WHAT YOU SHOULD DO: Please reproduce the data exactly, though every picture must stay out.

SUPPLIED DATA:

....

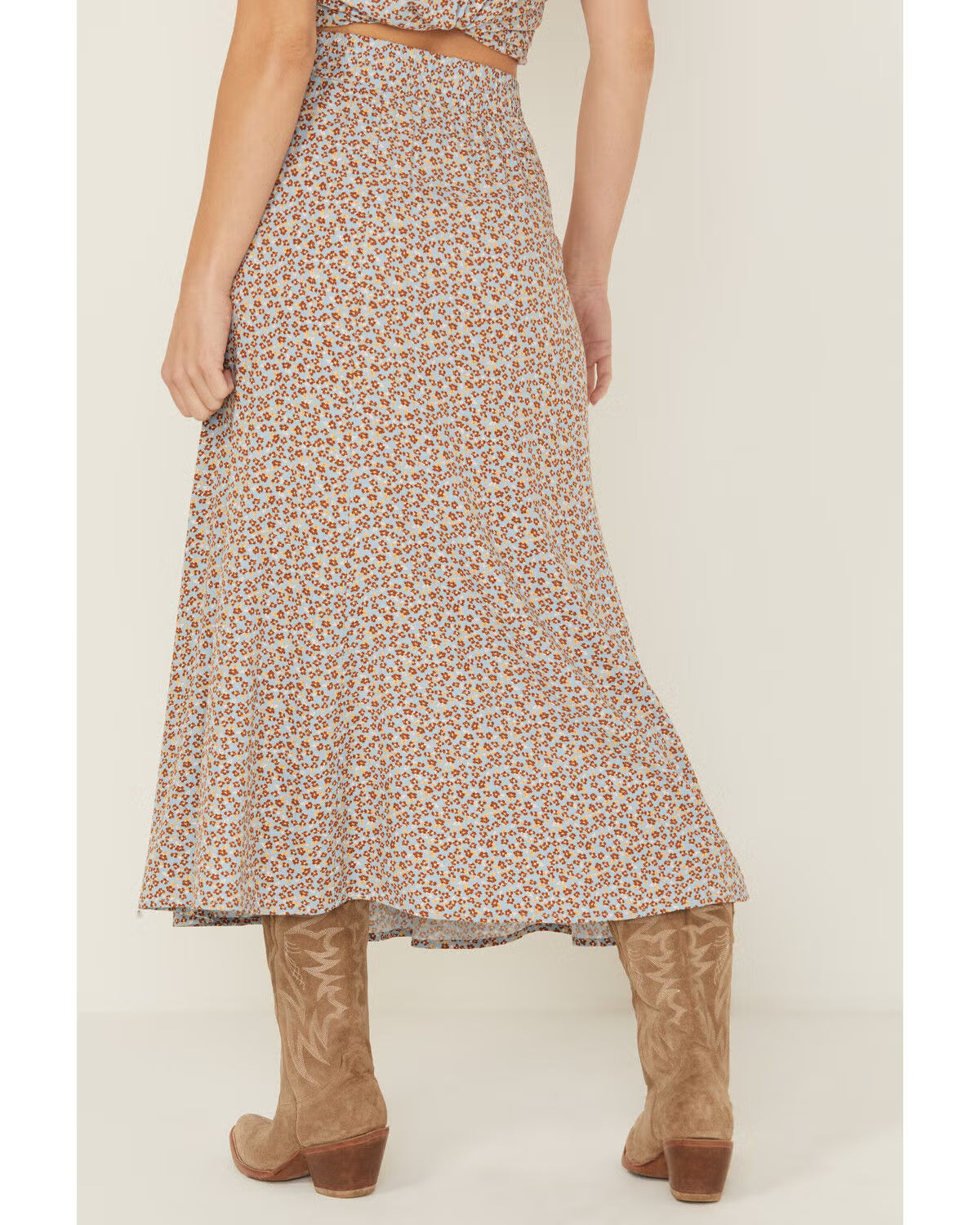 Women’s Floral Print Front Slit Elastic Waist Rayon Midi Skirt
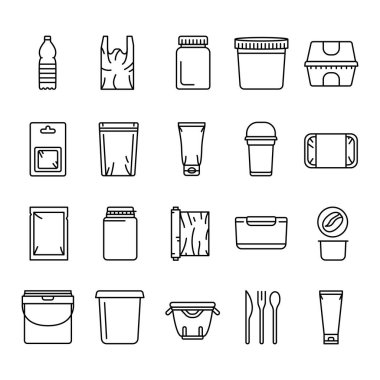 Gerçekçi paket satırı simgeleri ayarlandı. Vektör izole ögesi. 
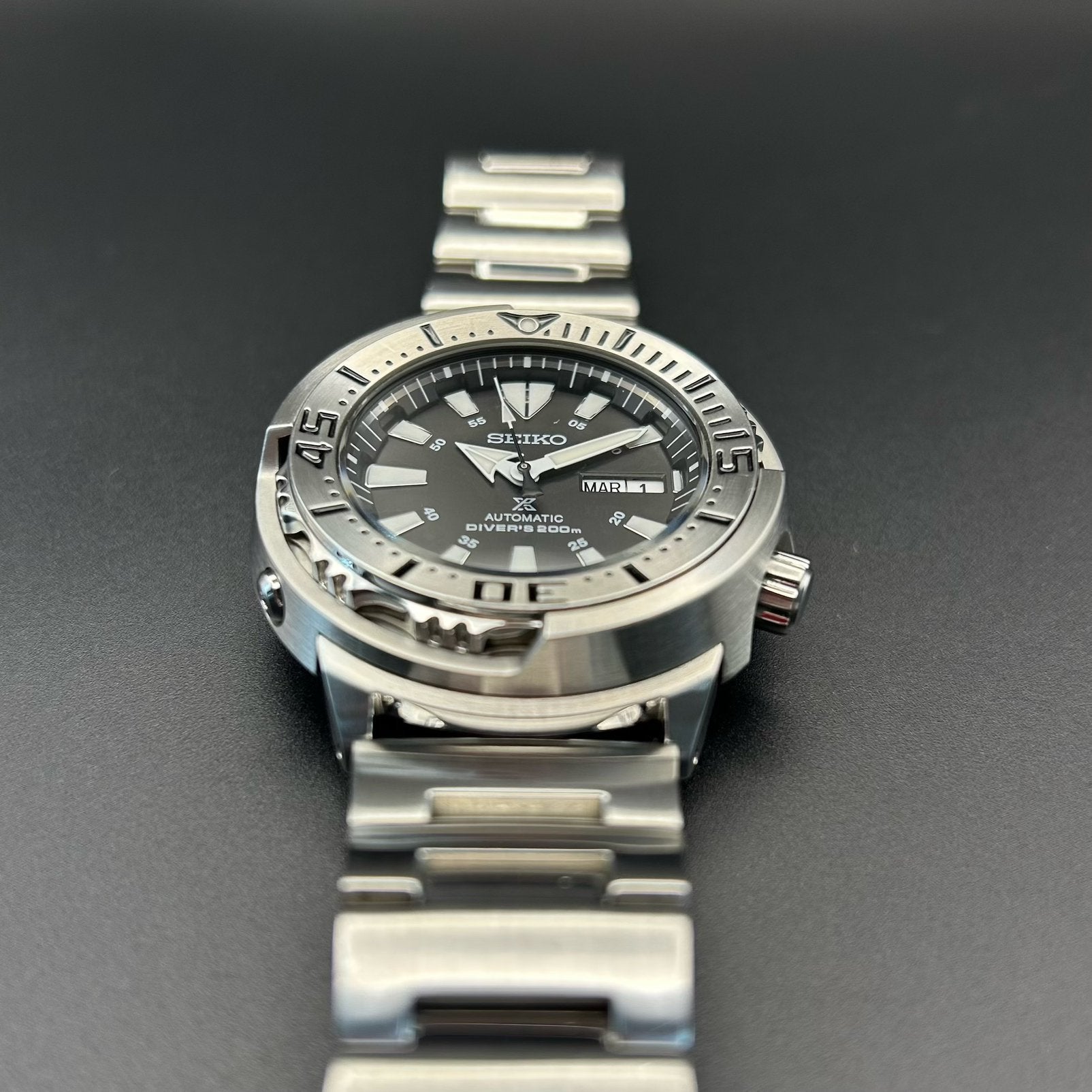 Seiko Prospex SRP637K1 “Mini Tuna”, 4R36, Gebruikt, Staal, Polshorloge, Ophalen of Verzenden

....

SOLUTION TO THE EXERCISE:
 Women’s Floral Print Front Slit Elastic Waist Rayon Midi Skirt
 Gerçekçi paket satırı simgeleri ayarlandı. Vektör izole ögesi. 
 Seiko Prospex SRP637K1 “Mini Tuna”, 4R36, Gebruikt, Staal, Polshorloge, Ophalen of Verzenden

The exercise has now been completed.